Il s’agit probablement de l’un des projets les plus importants et les plus influents que la Coalition ait réalisés jusqu’à maintenant. Par un froid dimanche après-midi d’hiver, un groupe de partenaires improbables est entré dans l’histoire.

Le vitriol et le salissage des gens qui ont des points de vue opposés sur des questions litigieuses – des DEUX côtés de ce débat – ne favorisent en rien un environnement de respect mutuel et de collaboration. Mais au milieu des débats incessants et épuisants sur les médias sociaux, nous avons tous commencé à remarquer quelques idées communes entre nous. Comment est-ce possible ?

La réponse est simple : nous voulons tous un Canada plus sécuritaire, nous voulons tous mettre fin à la violence et à la criminalité. Et qu’est-ce qui nous a divisés toutes ces années ? Des politiciens et des médias complaisants. Les deux ont quelque chose à gagner en nous gardant chacun isolés dans nos coins, en nous alimentant de fausses statistiques et d’éditoriaux blâmant l’un ou l’autre d’entre nous. Les politiciens ont besoin d’une chose : des votes, et les médias survivent grâce à l’audience.

Quel est le coût de ce fossé intentionnel et de plus en plus large  qu’ils s’affairent à créer à nos dépend ? Je l’ai dit plusieurs fois, le coût est réel, celui des vies humaines.

Nous pouvions continuer sur la voie qui nous a été tracée, ou nous pouvions nous lever et dire que nous en avons assez.

On en a eu assez.

C’est ainsi que nous sommes venus de partout pour nous rassembler dans les salles de l’hôtel de ville de Toronto. Nous nous sommes assis et avons discuté. Une vraie discussion. Nous avions un ordre du jour sérieux. Nous avons commencé par des présentations et un bref historique de présentation et nos attentes de ce réunion. Il s’agissait d’un groupe diversifié de personnes aux antécédents et aux intérêts variés, mais nous voulions tous la même chose. Il n’y avait pas de politiciens, pas de médias, pas de forces de l’ordre. Ce qu’il y avait, c’était une communauté. Un petit groupe de personnes ayant de grandes idées, des objectifs ambitieux et un besoin urgent de faire quelque chose contre la violence dans notre pays. Un premier terrain d’entente.

 

 

Il y avait 3 mamans, Evelyn, Kellie et Alison de ‘’Communities for Zero Violence’’, un groupe de pression de mères qui ont perdu leurs enfants suite è des actes de violence armée; Louie March du mouvement ‘’Zero Gun Violence’’ et deux représentants du mouvement ‘’One by One’’, une organisation de « formateurs » (pour utiliser leurs mots).
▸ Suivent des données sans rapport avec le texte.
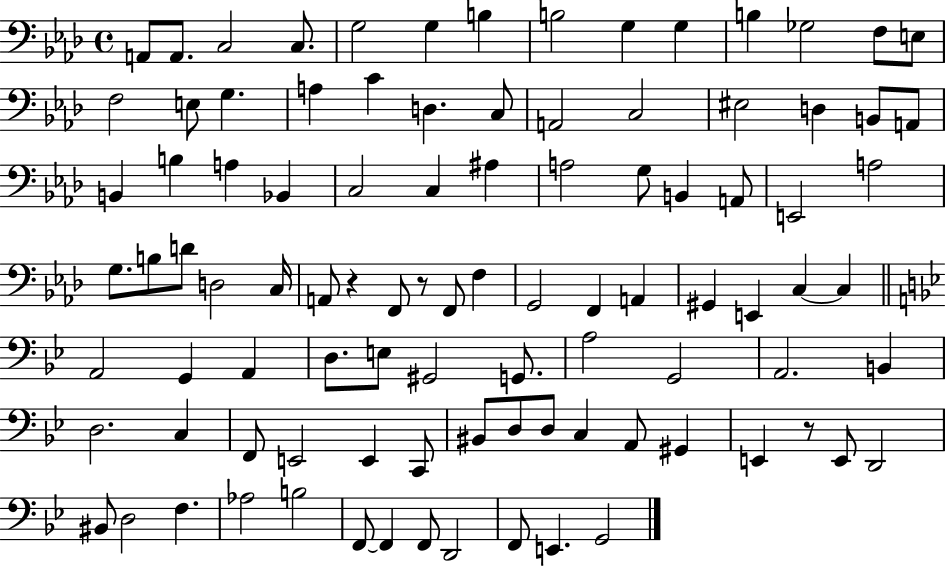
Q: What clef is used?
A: bass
D’anciens chefs de gangs et extrémistes, (ceux-là mêmes qui provoquaient la violence et le chaos dans nos rues) maintenant convertis, réformés et engagés à travailler pour empêcher les jeunes de d’emprunter cette voie sombre et sans issues; Allison De Groot de la CSAAA, l’organisme qui représente les détaillants, les importateurs et les fabricants d’armes à feu canadiens; Emily Brown et Frank Dainty (tous deux membres de la Coalition) du ‘’Ontario Council of Shooters’’ et moi-même, Tracey Wilson de la Coalition. Tous ont participé à titre de représentants du milieu des armes à feu. Il était important d’avoir un côté  » pro armes  » dans la conversation, car nous sommes souvent la cible d’attaques de la part des médias sociaux et du grand public à chaque fois qu’une fusillade ou un épisode de violence armée se soit produit.
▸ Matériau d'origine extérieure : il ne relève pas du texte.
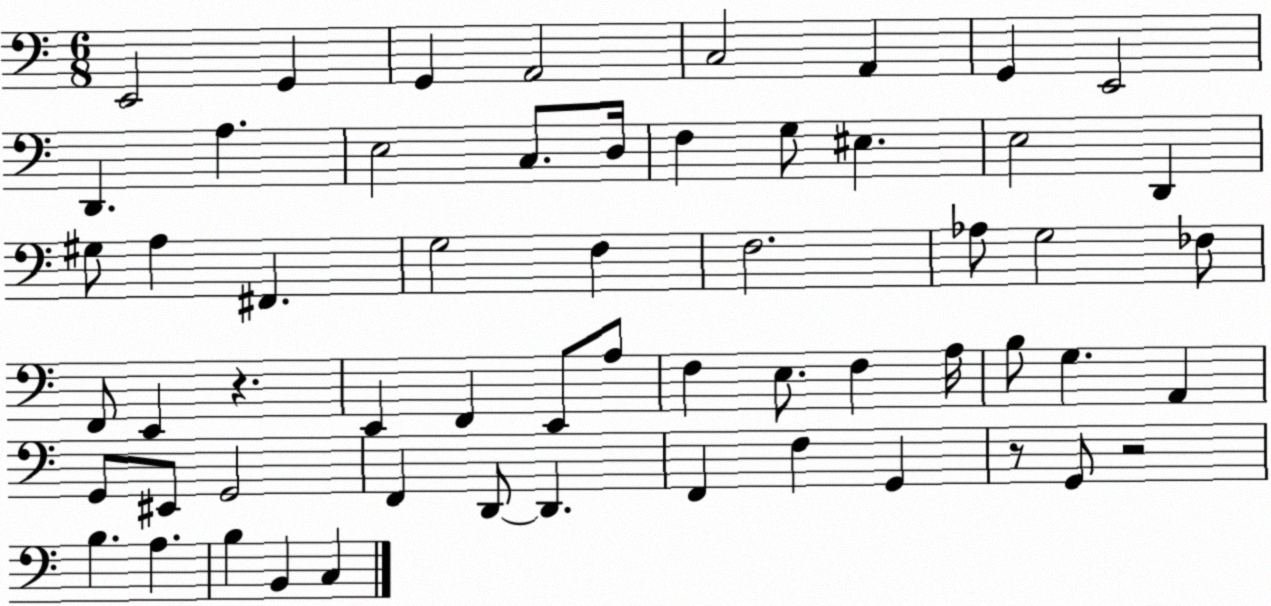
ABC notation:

Des alliées improbables : Des mères en deuil leurs enfants victimes de violence, d’anciens membres de gangs et les lobbies des armes à feu. Qui aurait cru que cette réunion aurait pu seulement avoir lieu ? Il s’agissait d’une première étape importante, avec beaucoup de travail à venir. Nous ne nous contentons pas d’une petite séance de photos, il y a ici une occasion historique très réelle d’apporter un changement tangible en rapport à la sécurité dans nos collectivités. Personne ne veut voir des gens souffrir.
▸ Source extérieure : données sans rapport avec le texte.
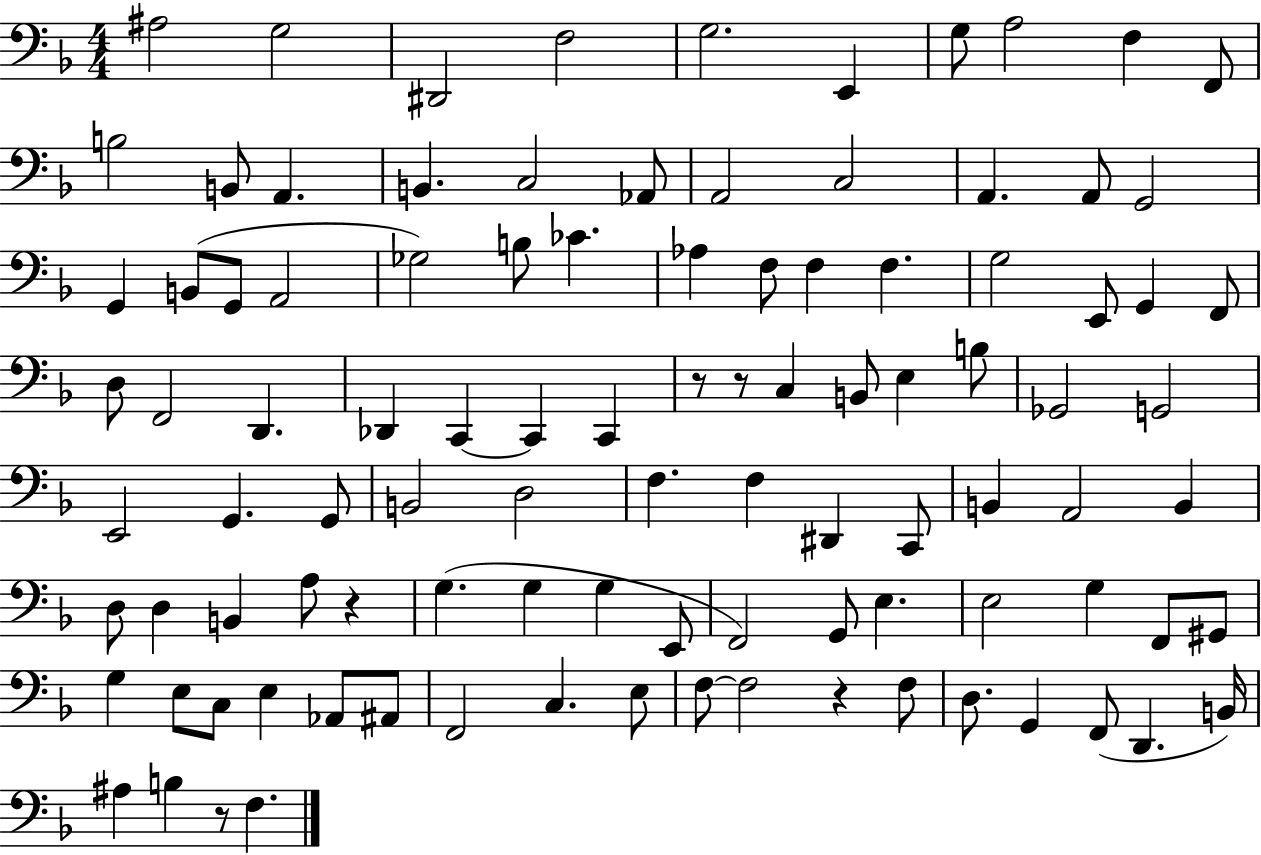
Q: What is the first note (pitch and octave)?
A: A#3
Bien que les détails de la réunion et de ses discussions demeureront confidentielles (pour l’instant) par respect pour les participants et par profond besoin de voir le projet se poursuivre, nous voulions que les Canadiens sachent que c’est une occasion pour nous tous de participer à ce genre de  » rencontre des esprits « .

Nous y reviendrons, avec les mises à jour et les prochaines étapes et qui sont en cours de production au moment de l’élaboration de cet article. En attendant, j’encourage ceux qui travaillent sur les médias sociaux à continuer à faire pression pour obtenir la vérité et à exiger des données réelles, crédibles, un traitement équitable et faire comprendre notre expérience et nos positions dans cet enjeu. Pour mieux connaître les différentes organisations et soutenir ceux qui sortent de leur zone de confort pour entrer dans ce noble et grand projet.

On en a eu assez.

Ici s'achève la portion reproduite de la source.